DATA SECTION ::
****************

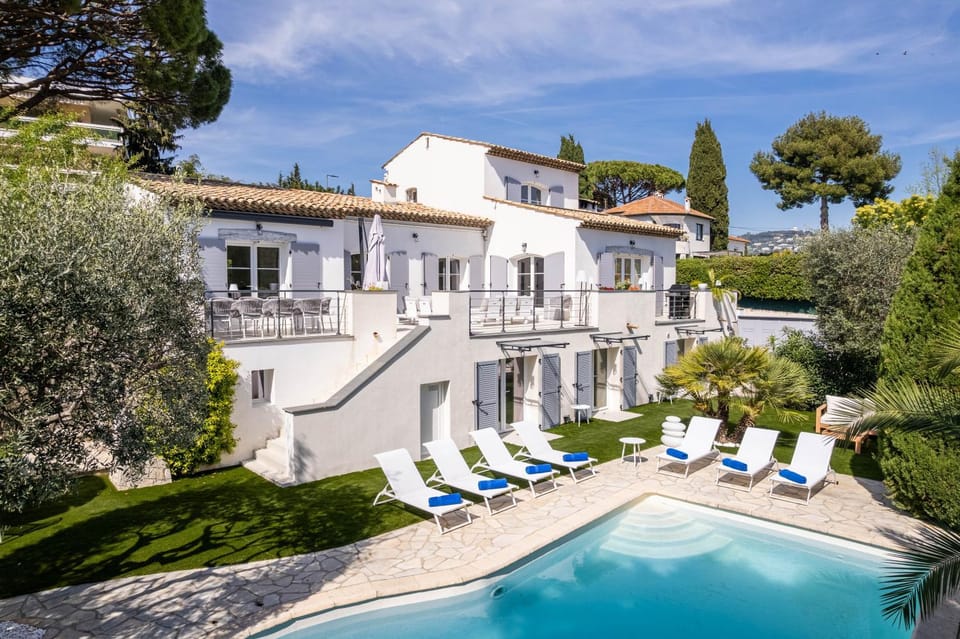 Property building, Patio, Natural landscape, Garden, Garden view, Pool view, Swimming pool, sunbed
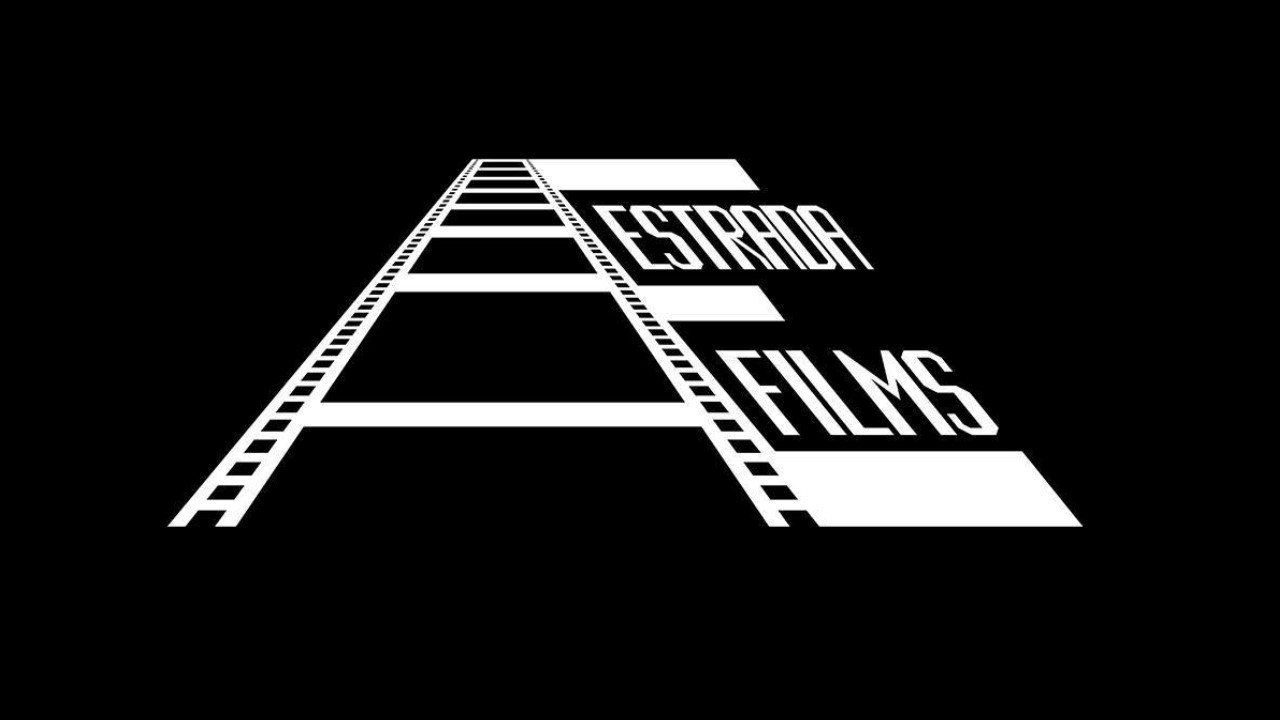 Entrevista com a Bruxa backdrop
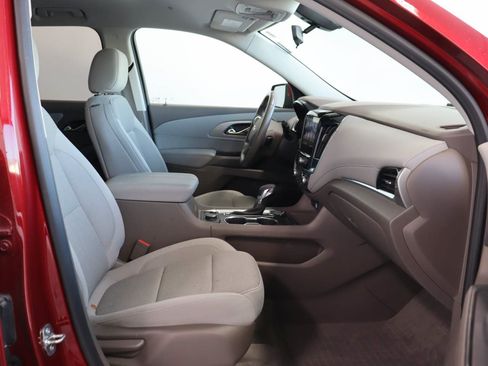 Used 2021 Chevrolet Traverse LT FWD image 20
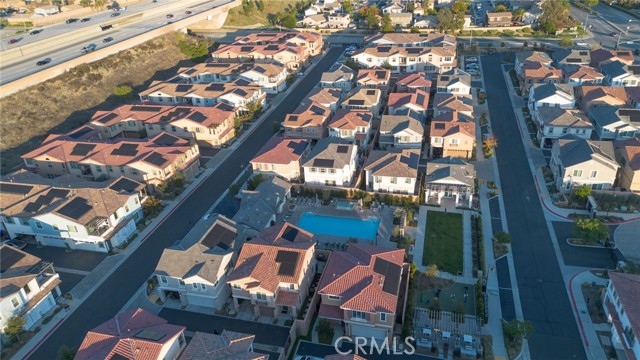 Detail Gallery Image 33 of 35 For 15185 Ridge, Fontana,  CA 92336 - 4 Beds | 3/1 Baths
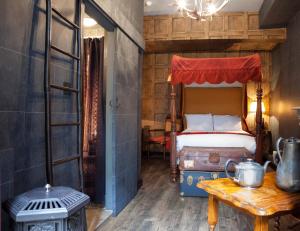 فندق جورجيان هاوس في لندن: غرفة نوم بسرير وطاولة في غرفة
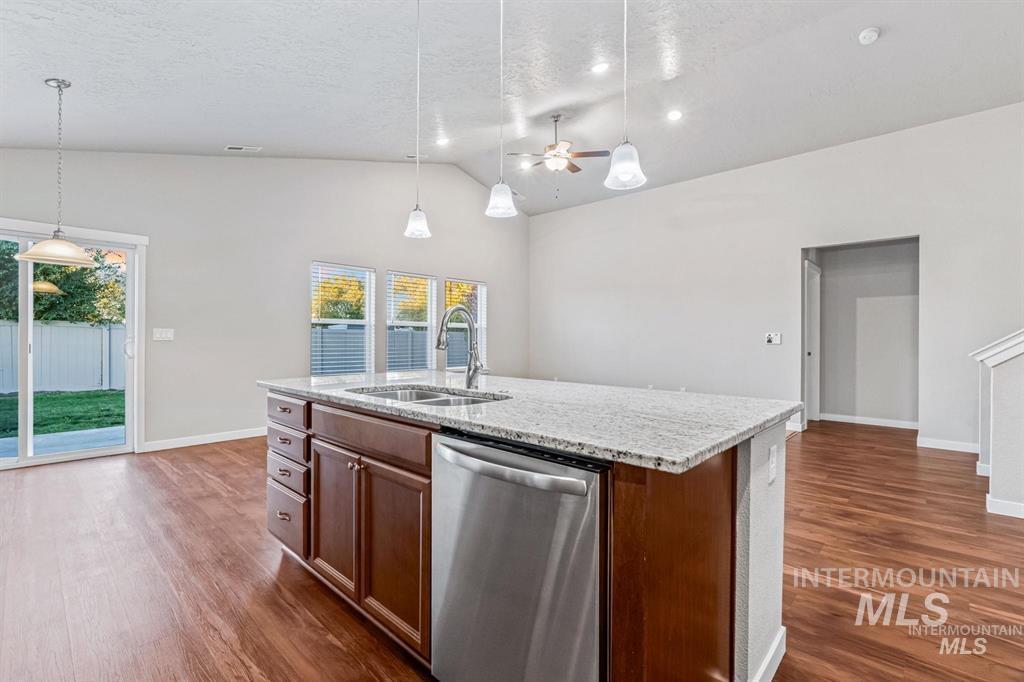 15837 N Limestone Way, Nampa, Idaho 83651, 4 Bedrooms, 2 Bathrooms, Residential For Sale, Price $439,990, 98980552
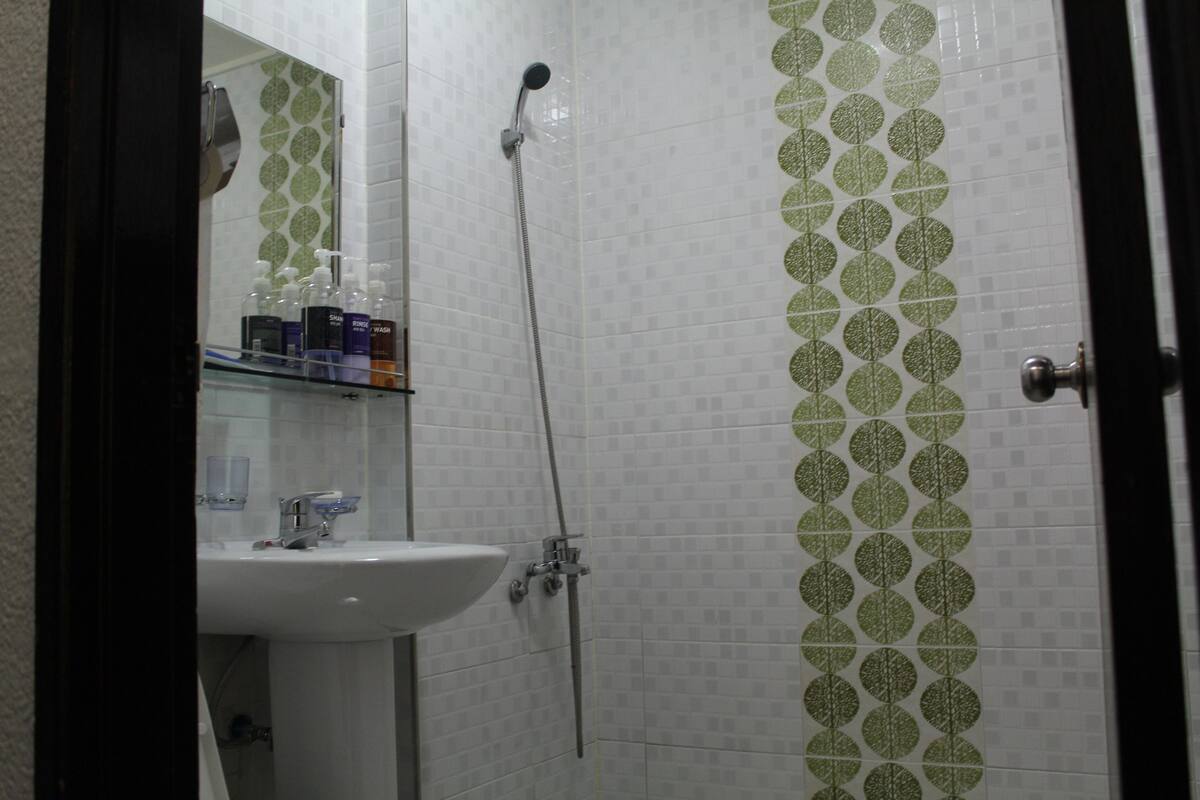 ondol room | bathroom | shower, free toiletries, hair dryer, slippers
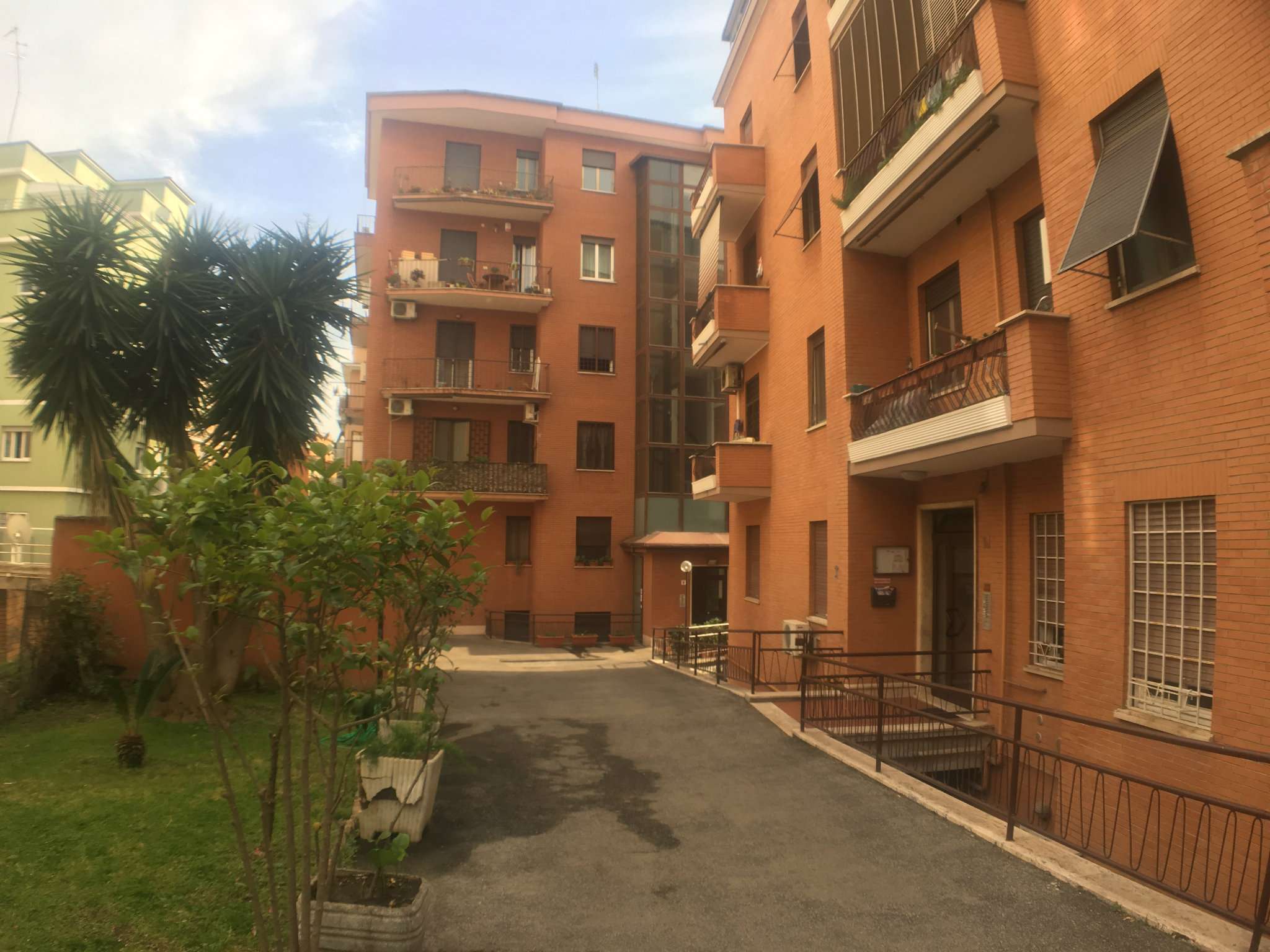  roma vendita quart: gianicolense (xv mun.) re/max urbest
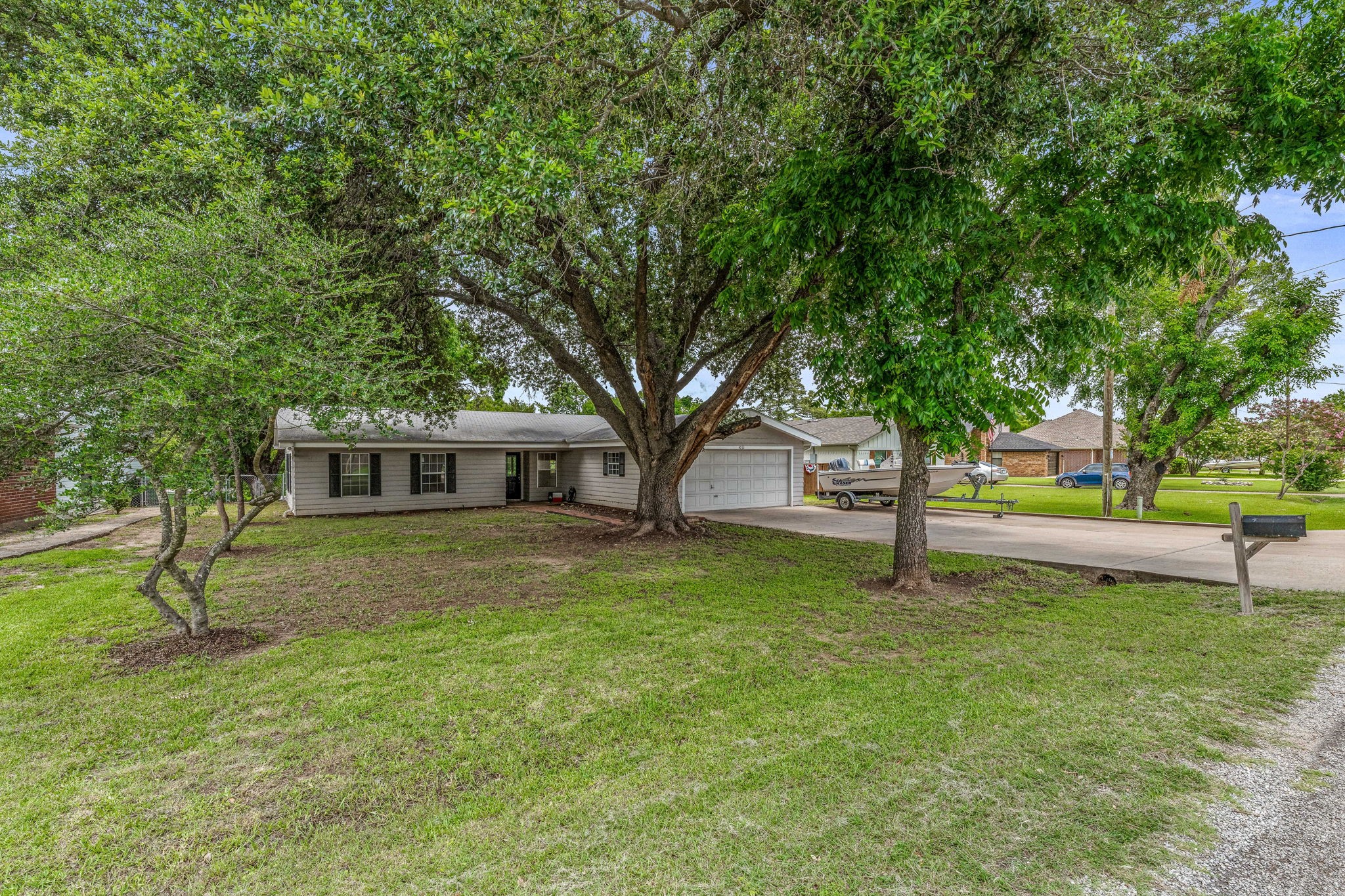 4013 Cherokee Court Granbury TX 76048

****************

Would you transcribe the lines above exactly, going from the line bearing "Used 2021 Chevrolet Traverse LT FWD image 20" through the line bearing "ondol room |", and drop the pictures from the copy?

TASK SOLUTION ::
 Used 2021 Chevrolet Traverse LT FWD image 20
 Detail Gallery Image 33 of 35 For 15185 Ridge, Fontana,  CA 92336 - 4 Beds | 3/1 Baths
 فندق جورجيان هاوس في لندن: غرفة نوم بسرير وطاولة في غرفة
 15837 N Limestone Way, Nampa, Idaho 83651, 4 Bedrooms, 2 Bathrooms, Residential For Sale, Price $439,990, 98980552
 ondol room | bathroom | shower, free toiletries, hair dryer, slippers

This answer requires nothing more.